Note that `plt.imshow()` is CxHxW and so the H is the vertical axis which is time axis 273, while W is the horizontal axis which is frequency axis.

We have a function called `show_cadence_spatial` where we do the following:

1. There are 6 channels in the images of shape (6, 273, 256) where 273 is the time axis, 256 is the frequency axis and 6 is the 6 cadence snippets. Note that `plt.imshow()` is CxHxW and so the H is the vertical axis which is time axis 273, while W is the horizontal axis which is frequency axis.
> Each file has dimension (6, 273, 256), with the 1st dimension representing the 6 positions of the cadence, and the 2nd and 3rd dimensions representing the 2D spectrogram.

2. Since the following were made clear by the host, we have quite a few options. 
    - spatial 6 channels - shape = (273 * 6, 256) or (256, 273 * 6) if you transpose it.
        - We **concatenate** all 6 channels **vertically along the time axis (axis=0)**.
        
    - spatial 3 channels - shape = (273 * 3, 256) or (256, 273 * 3) if you transpose it.
        - We **concatenate** channels 1, 3 and 5 **vertically along the time axis (axis=0)**. Note to me it does not make sense to concatenate channels 1, 3 and 5 along the frequency axis horizontally. As one cadence consists of 6 snippets of different time, therefore, in order to use spatial, one can concateneate along time axis to have a "full overview" of the sequence of events. One can also consider using RNN or time series to model here but I won't use it.
    
    > Not all of the “needle” signals look like diagonal lines, and they may not be present for the entirety of all three “A” observations, but what they do have in common is that they are only present in some or all of the “A” observations (panels 1, 3, and 5 in the cadence snippets).
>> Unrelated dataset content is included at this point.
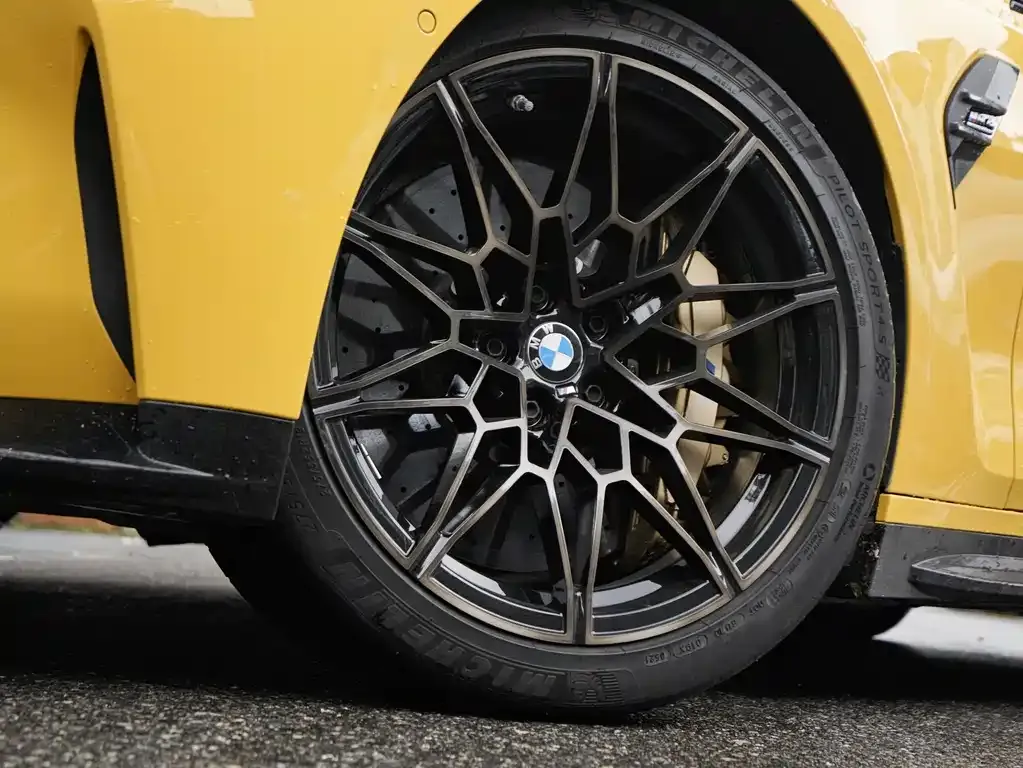 BMW M4 — фото 6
    - channel wise: We won't be using it here as empirically speaking, it does not perform as well as spatial wise.


![Image](https://i.ibb.co/JFQ44tB/channel-vs-spatial.png)

In [None]:
def show_cadence_spatial(filename: str, label: int, show_text: bool = True, spatial_mode: str = 'spatial_3ch', transpose: bool = True) -> None:
    """Plot and show cadence as images. Note on channel = odd channels
       This plot shows all 6 cadences with ON and OFF channels. The host says extraterrestrial signals
       should appear in ON channels.

    Args:
        filename (str): [description]
        label (int): [description]
    """
    plt.figure(figsize=(16, 10))
    # load .npy files into np.array
    image_arr = np.load(filename)
    assert image_arr.shape == (6, 273, 256)
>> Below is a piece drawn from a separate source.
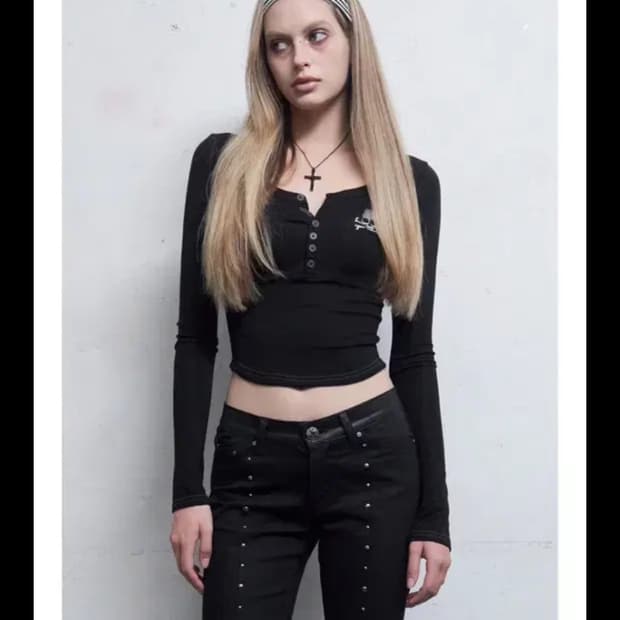 힐다 스컬 버튼 탑 hillda Skull Button Top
    if spatial_mode == 'spatial_3ch':
        image_arr_3ch = image_arr[::2, :, :].astype(np.float32)
        assert image_arr_3ch.shape == (3, 273, 256)
        # print(np.array_equal(image_arr_3ch, image[::2].astype(np.float32), equal_nan=False))
        if transpose is True:
            image_arr_3ch = np.vstack(image_arr_3ch).transpose((1, 0))
            assert image_arr_3ch.shape == (256, 819)
        else:
            image_arr_3ch = np.vstack(image_arr_3ch)
            assert image_arr_3ch.shape == (819, 256)

        plt.title(
            f"ID: {os.path.basename(filename)} TARGET: {label}", fontsize=18)
        #plt.subplot(5, 2, i + 1)
        plt.tight_layout()
        plt.imshow(image_arr_3ch)

    elif spatial_mode == 'spatial_6ch':
        # note [:, :, :] produces a verbatim copy of the array
        image_arr_6ch = image_arr[:, :, :].astype(np.float32)
        assert image_arr_6ch.shape == (3, 273, 256)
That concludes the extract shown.